The unemployment number “looks great, but it’s a continuation of a six-month trend at least in which drops in the unemployment rate are happening mostly because of people leaving the labor force,” Brod said in an interview. “This number looks good, but I take it with a grain of salt.”
Brod said the declining labor force coincides with changes in unemployment benefits approved by the General Assembly that decreased the maximum number of weeks someone can receive benefits and the maximum amount of weekly benefits. The decisions also meant federal benefits for the long-term unemployed were canceled. Brod said people who no longer receive benefits may be less likely to actively look for work, which is a qualification to retain benefits.
Still, Republican legislators called the jobless rate decrease “welcome news” approaching Christmas. They have highlighted a tax overhaul and regulatory reforms passed in 2013 they argue are reinvigorating the economy.
“Republicans in the General Assembly will continue to support policies to further improve our economy and empower the private sector to create more jobs in 2014,” said a joint statement from House Speaker Thom Tillis, R-Mecklenburg and Senate leader Phil Berger, R-Rockingham.
It was October 2008 when the state’s unemployment rate was last below the new rate, a department spokesman said.

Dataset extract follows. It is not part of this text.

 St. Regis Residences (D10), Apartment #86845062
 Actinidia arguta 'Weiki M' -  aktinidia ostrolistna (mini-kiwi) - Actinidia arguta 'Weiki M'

North Carolina’s rate, which had been among the highest in the nation during the summer, now is tied for 35th lowest among the states and the District of Columbia, according to federal data.
Brod said it may take another month of data before learning whether the sharp November drop was a survey sampling hiccup or something permanent.
Employment data show the largest month-to-month employment sector increase occurred in the trade, transportation and utility fields with 2,600 positions, followed by professional and business services and construction.